The next asset on the block will be the Ankara-based gas firm Baskent Dogalgaz, which as Turkey's second largest gas distributor pumps about 2bn cubic meters of gas every year into 1.2m homes. In August 2010, MMEKA, a joint venture of Turkish businessmen Mehmet Emin Karamehmet and Mehmet Kazanci, offered the top bid of $1.2bn for an 80% stake, but Turkey's privatisation authority (OIB) cancelled the deal in May after the firm failed to meet the payment deadline despite receiving two extensions and called for new bids in July.

The last completed privatisation was on June 16 when the Turkish consortium TASS Denizcilik became the owner of the Istanbul Fast Ferries (IDO), formerly a subsidiary of the Istanbul Metropolitan Municipality. TASS won the auction for 100% of IDO shares in April with an $861m offer. The Turkish daily Milliyet reported in April that the minimum value of IDO was set at $700m. The company's value is expected to increase to $1bn. The six-month privatisation process saw 11 groups purchase tender specification documents, generating about $0.55m for the Istanbul Municipality. The money from the sell-off will go towards upgrading the city's transportation systems.

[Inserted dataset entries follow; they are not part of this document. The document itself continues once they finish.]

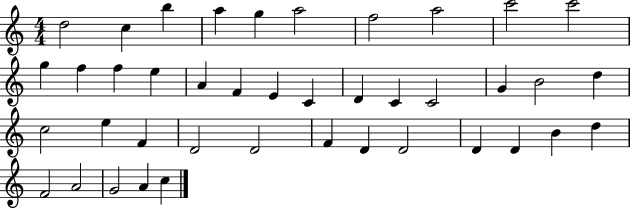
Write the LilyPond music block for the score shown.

{
  \clef treble
  \numericTimeSignature
  \time 4/4
  \key c \major
  d''2 c''4 b''4 | a''4 g''4 a''2 | f''2 a''2 | c'''2 c'''2 | \break g''4 f''4 f''4 e''4 | a'4 f'4 e'4 c'4 | d'4 c'4 c'2 | g'4 b'2 d''4 | \break c''2 e''4 f'4 | d'2 d'2 | f'4 d'4 d'2 | d'4 d'4 b'4 d''4 | \break f'2 a'2 | g'2 a'4 c''4 | \bar "|."
} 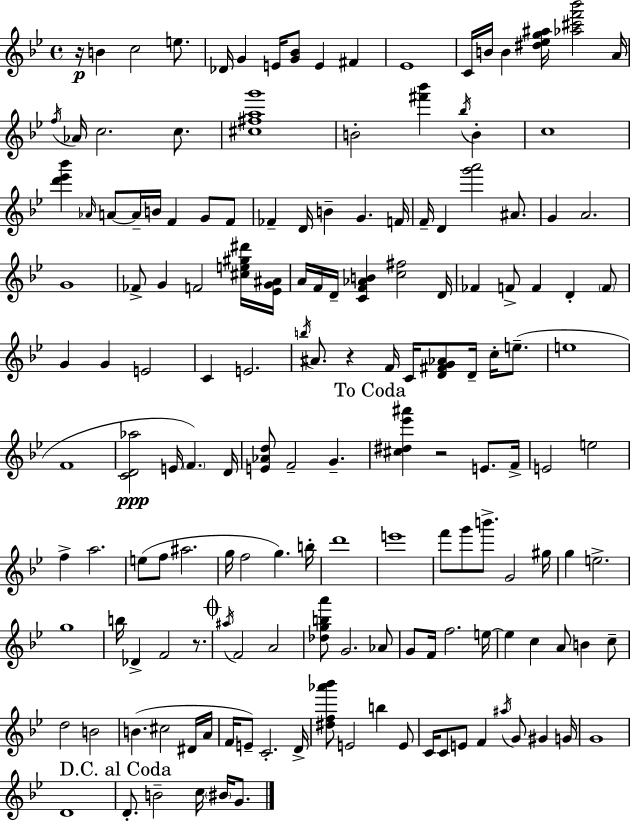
R/s B4/q C5/h E5/e. Db4/s G4/q E4/s [G4,Bb4]/e E4/q F#4/q Eb4/w C4/s B4/s B4/q [D#5,Eb5,G5,A#5]/s [Ab5,C#6,F6,Bb6]/h A4/s F5/s Ab4/s C5/h. C5/e. [C#5,F#5,A5,G6]/w B4/h [F#6,Bb6]/q Bb5/s B4/q C5/w [D6,Eb6,Bb6]/q Ab4/s A4/e A4/s B4/s F4/q G4/e F4/e FES4/q D4/s B4/q G4/q. F4/s F4/s D4/q [G6,A6]/h A#4/e. G4/q A4/h. G4/w FES4/e G4/q F4/h [C#5,E5,G#5,D#6]/s [Eb4,G4,A#4]/s A4/s F4/s D4/s [C4,F4,Ab4,B4]/q [C5,F#5]/h D4/s FES4/q F4/e F4/q D4/q F4/e G4/q G4/q E4/h C4/q E4/h. B5/s A#4/e. R/q F4/s C4/s [D4,F#4,G4,Ab4]/e D4/s C5/s E5/e. E5/w F4/w [C4,D4,Ab5]/h E4/s F4/q. D4/s [E4,Ab4,D5]/e F4/h G4/q. [C#5,D#5,Eb6,A#6]/q R/h E4/e. F4/s E4/h E5/h F5/q A5/h. E5/e F5/e A#5/h. G5/s F5/h G5/q. B5/s D6/w E6/w F6/e G6/e B6/e. G4/h G#5/s G5/q E5/h. G5/w B5/s Db4/q F4/h R/e. A#5/s F4/h A4/h [Db5,G5,B5,A6]/e G4/h. Ab4/e G4/e F4/s F5/h. E5/s E5/q C5/q A4/e B4/q C5/e D5/h B4/h B4/q. C#5/h D#4/s A4/s F4/s E4/e C4/h. D4/s [D#5,F5,Ab6,Bb6]/e E4/h B5/q E4/e C4/s C4/e E4/e F4/q A#5/s G4/e G#4/q G4/s G4/w D4/w D4/e. B4/h C5/s BIS4/s G4/e. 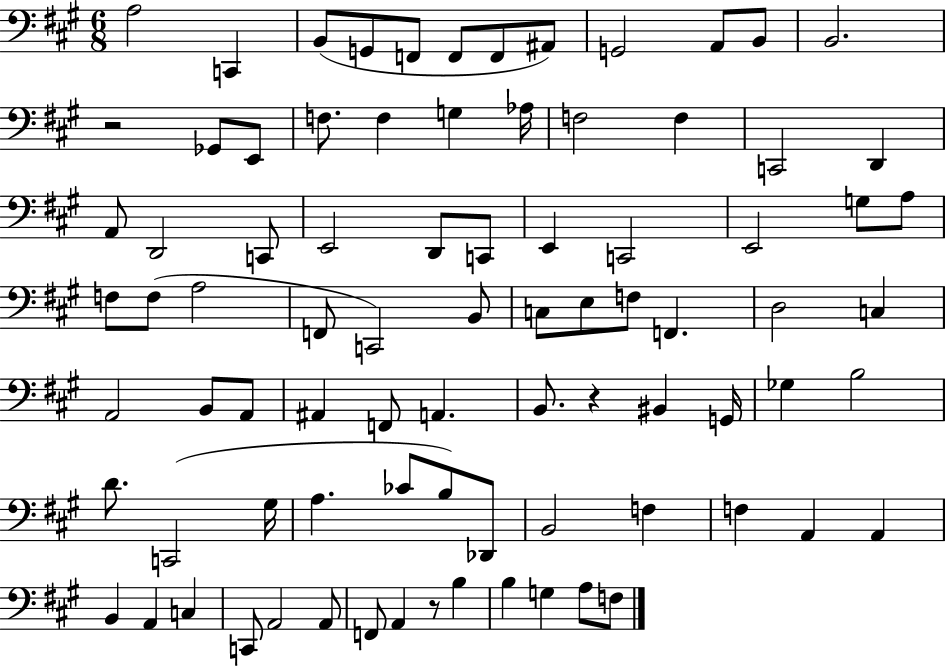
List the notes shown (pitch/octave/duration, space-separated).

A3/h C2/q B2/e G2/e F2/e F2/e F2/e A#2/e G2/h A2/e B2/e B2/h. R/h Gb2/e E2/e F3/e. F3/q G3/q Ab3/s F3/h F3/q C2/h D2/q A2/e D2/h C2/e E2/h D2/e C2/e E2/q C2/h E2/h G3/e A3/e F3/e F3/e A3/h F2/e C2/h B2/e C3/e E3/e F3/e F2/q. D3/h C3/q A2/h B2/e A2/e A#2/q F2/e A2/q. B2/e. R/q BIS2/q G2/s Gb3/q B3/h D4/e. C2/h G#3/s A3/q. CES4/e B3/e Db2/e B2/h F3/q F3/q A2/q A2/q B2/q A2/q C3/q C2/e A2/h A2/e F2/e A2/q R/e B3/q B3/q G3/q A3/e F3/e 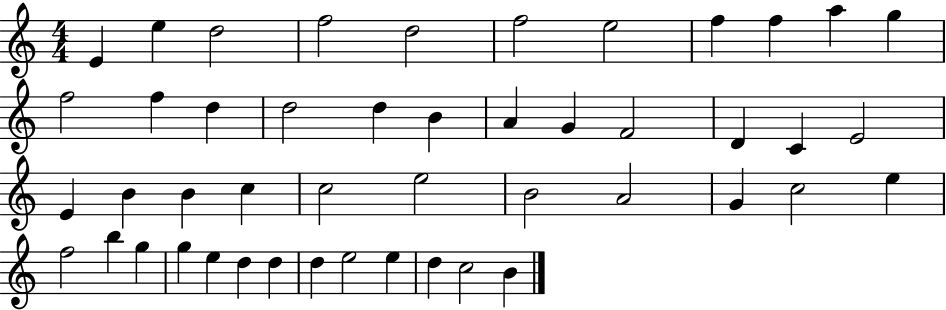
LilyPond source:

{
  \clef treble
  \numericTimeSignature
  \time 4/4
  \key c \major
  e'4 e''4 d''2 | f''2 d''2 | f''2 e''2 | f''4 f''4 a''4 g''4 | \break f''2 f''4 d''4 | d''2 d''4 b'4 | a'4 g'4 f'2 | d'4 c'4 e'2 | \break e'4 b'4 b'4 c''4 | c''2 e''2 | b'2 a'2 | g'4 c''2 e''4 | \break f''2 b''4 g''4 | g''4 e''4 d''4 d''4 | d''4 e''2 e''4 | d''4 c''2 b'4 | \break \bar "|."
}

Along with IDO, the Turkish government has planned a series of other privatisations for this year to reach its goal of $9.5bn in revenues. These include, for example, the selling of its remaining 49% of Turkish Airlines; gas distributor IGDAS; ISPARK, a commercial enterprise established by the Istanbul Metropolitan Municipality that provides parking services; and state-owned Halkbank. Several highways, including the Edirne-Istanbul-Ankara Motorway and the Tarsus-Adana-Gaziantep Motorway in the south, will also be privatised, along with several bridges.

The way forward

Altug Ozgur, chief economist at Istanbul's BGC Partners, a global brokerage house, says that with the June 12 parliamentary elections over with and the ruling AKP firmly in control, privatisations can be expected to increase through the rest of 2011. "In the first six months of the year, except energy privatisation, probably we didn't do anything," Ozgur says. 'We always privatise state-owned assets, but we will accelerate this because we have a very large current account deficit to finance. We need portfolio inflows as well, but other than portfolio inflows the healthiest way to finance the deficit is to increase foreign investment inflows."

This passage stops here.